### Records shown
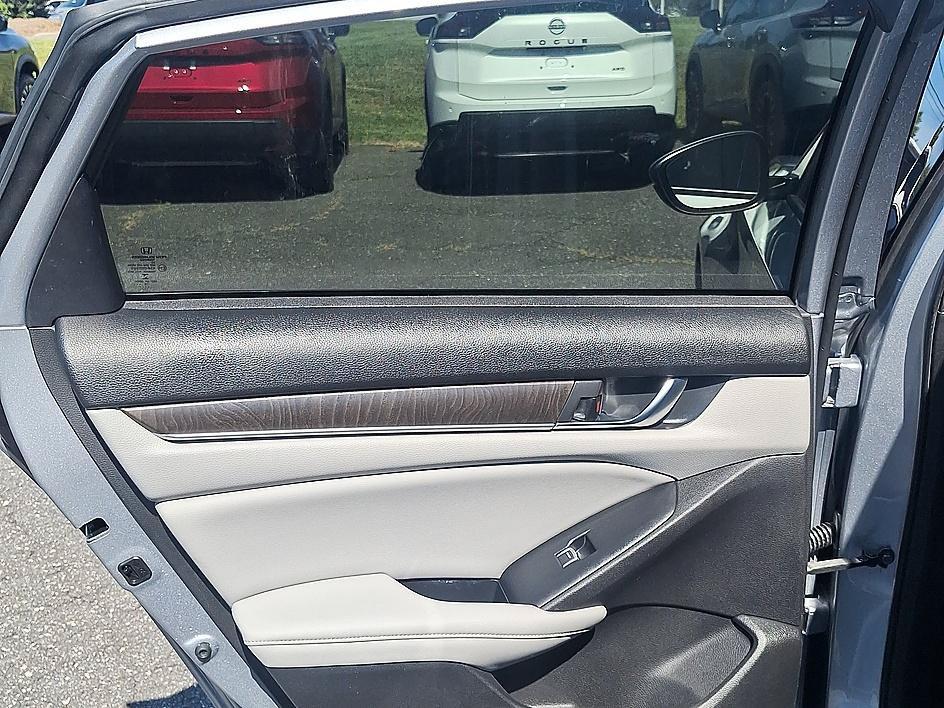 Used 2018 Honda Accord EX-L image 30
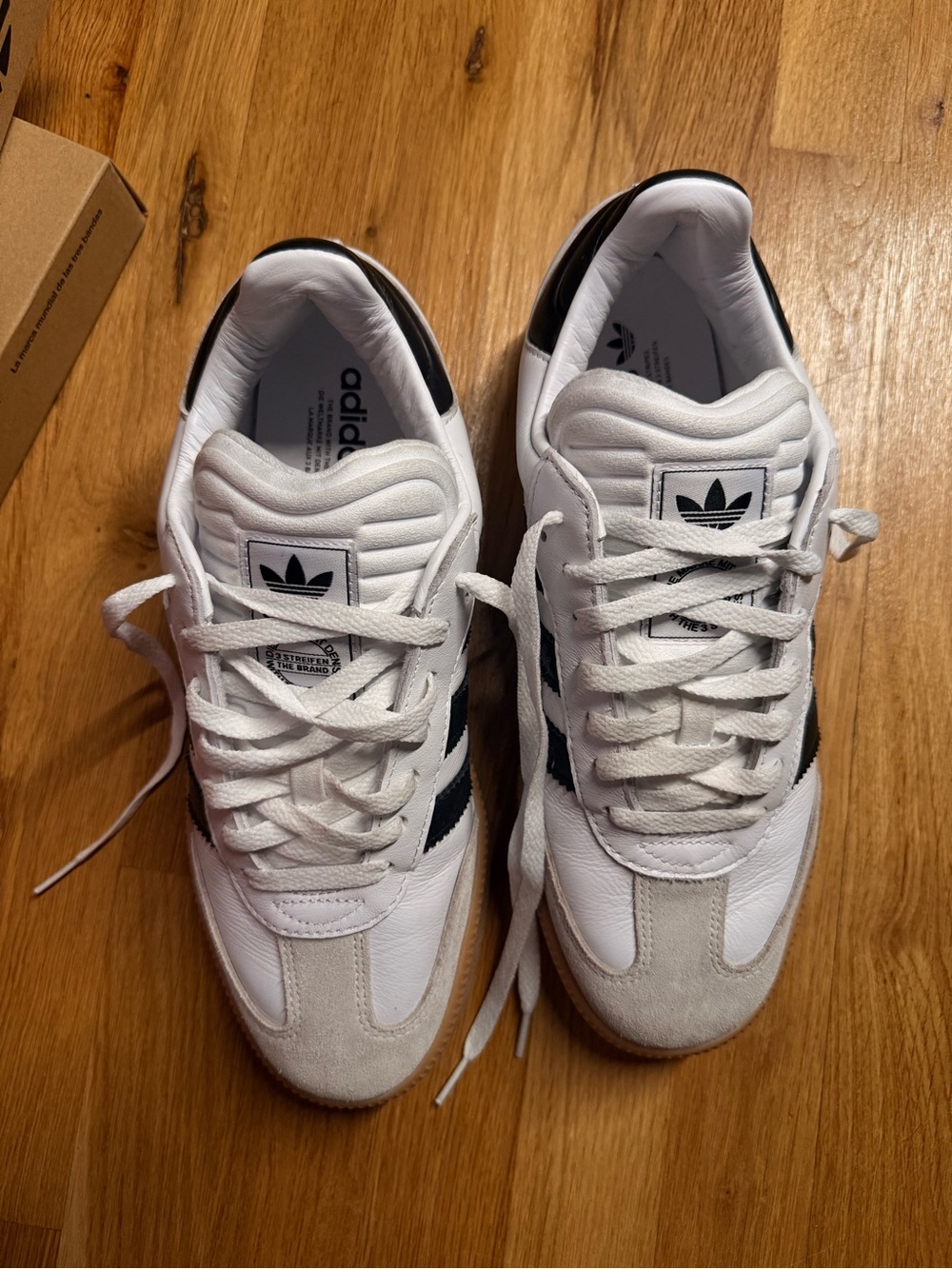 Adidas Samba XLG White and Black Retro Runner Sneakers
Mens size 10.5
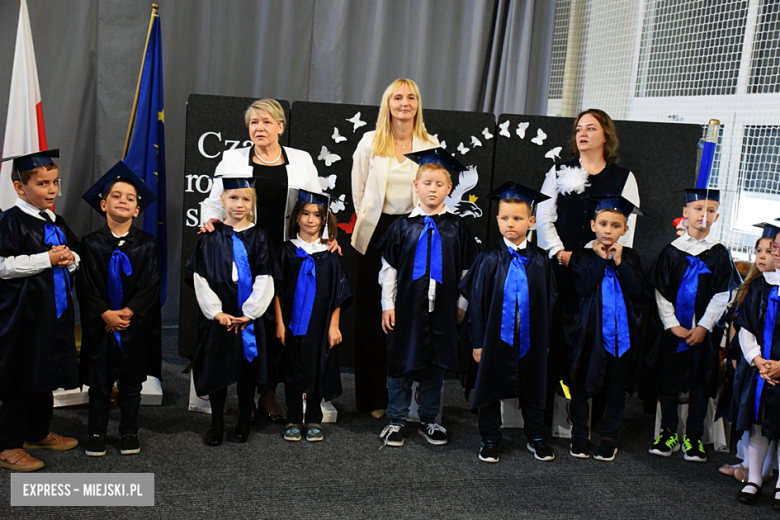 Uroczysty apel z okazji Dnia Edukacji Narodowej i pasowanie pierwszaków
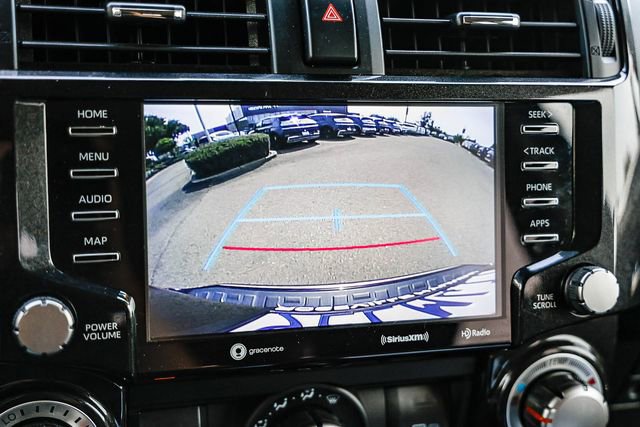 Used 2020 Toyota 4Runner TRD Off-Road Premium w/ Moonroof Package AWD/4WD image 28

...

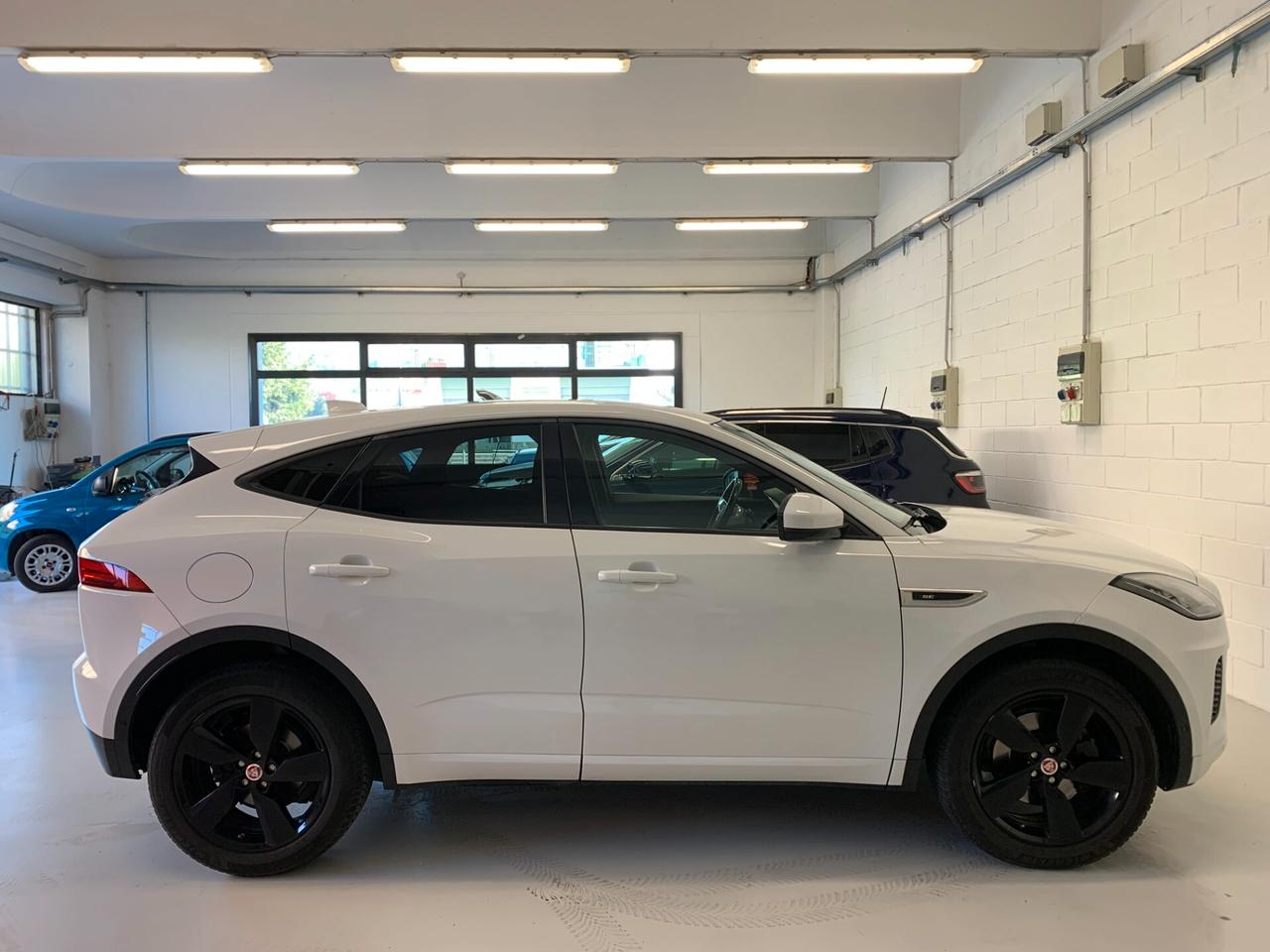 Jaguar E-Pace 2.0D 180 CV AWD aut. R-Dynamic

==

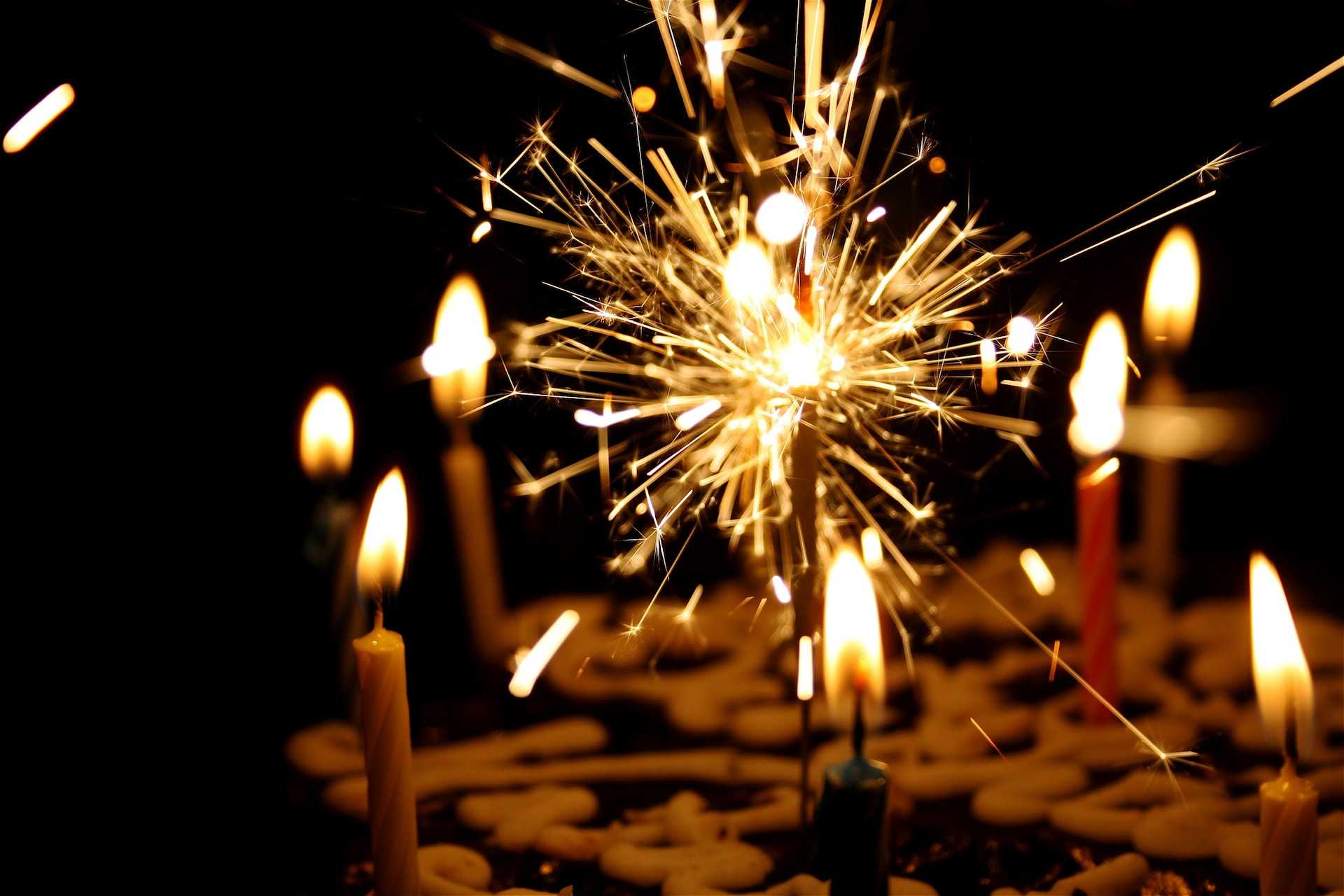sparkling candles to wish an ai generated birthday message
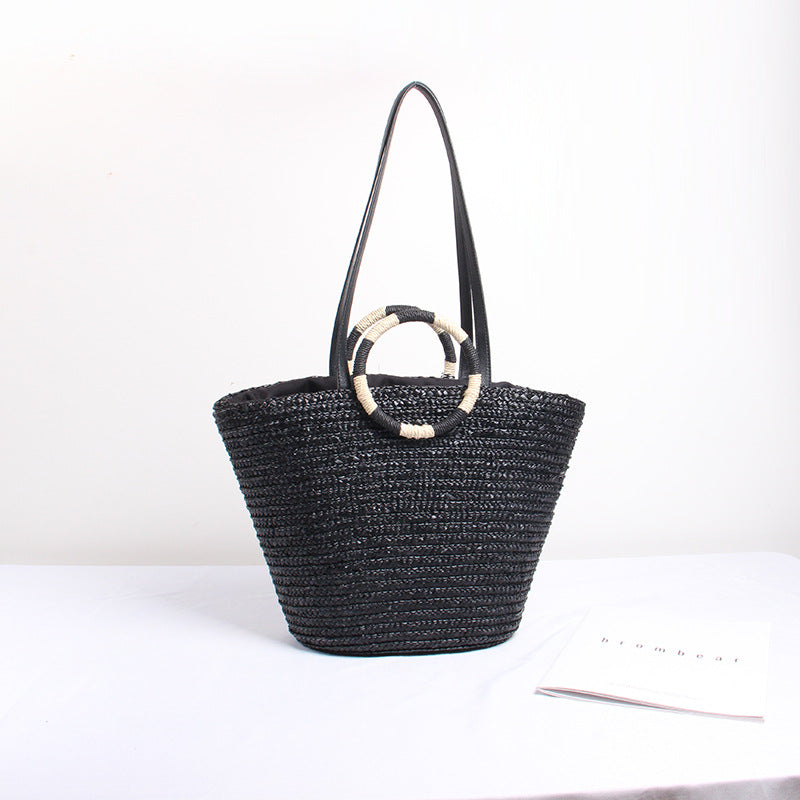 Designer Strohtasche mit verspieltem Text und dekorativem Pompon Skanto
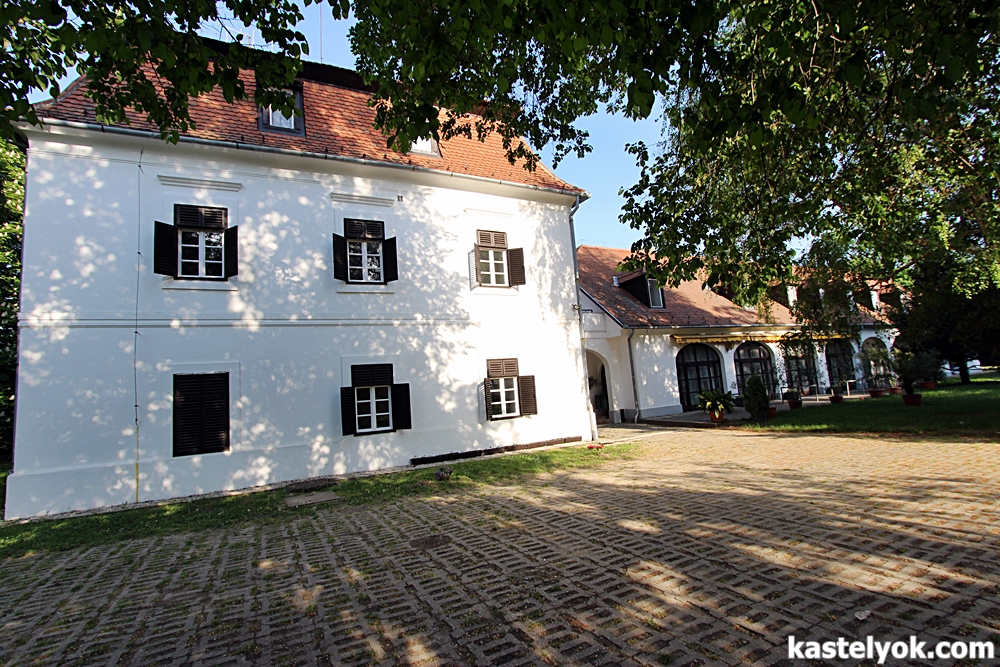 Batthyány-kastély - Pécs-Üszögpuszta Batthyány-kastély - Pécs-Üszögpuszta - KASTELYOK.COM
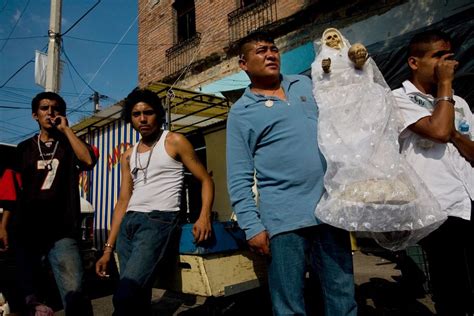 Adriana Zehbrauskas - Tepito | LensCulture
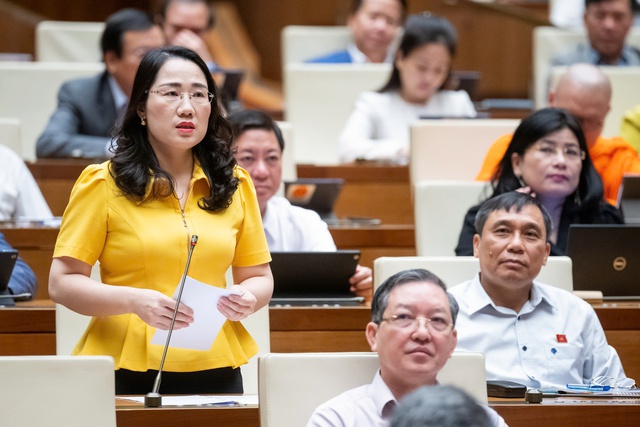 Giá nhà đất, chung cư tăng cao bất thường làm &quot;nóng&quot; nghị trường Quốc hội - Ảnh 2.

### Task to complete
Write out word for word the lines of the listing above from the line with "Used 2018 Honda Accord EX-L image 30" to the line with "Used 2020 Toyota", taking in both of those lines but no pictures.

### Problem solution
 Used 2018 Honda Accord EX-L image 30
 Adidas Samba XLG White and Black Retro Runner Sneakers
Mens size 10.5
 Uroczysty apel z okazji Dnia Edukacji Narodowej i pasowanie pierwszaków
 Used 2020 Toyota 4Runner TRD Off-Road Premium w/ Moonroof Package AWD/4WD image 28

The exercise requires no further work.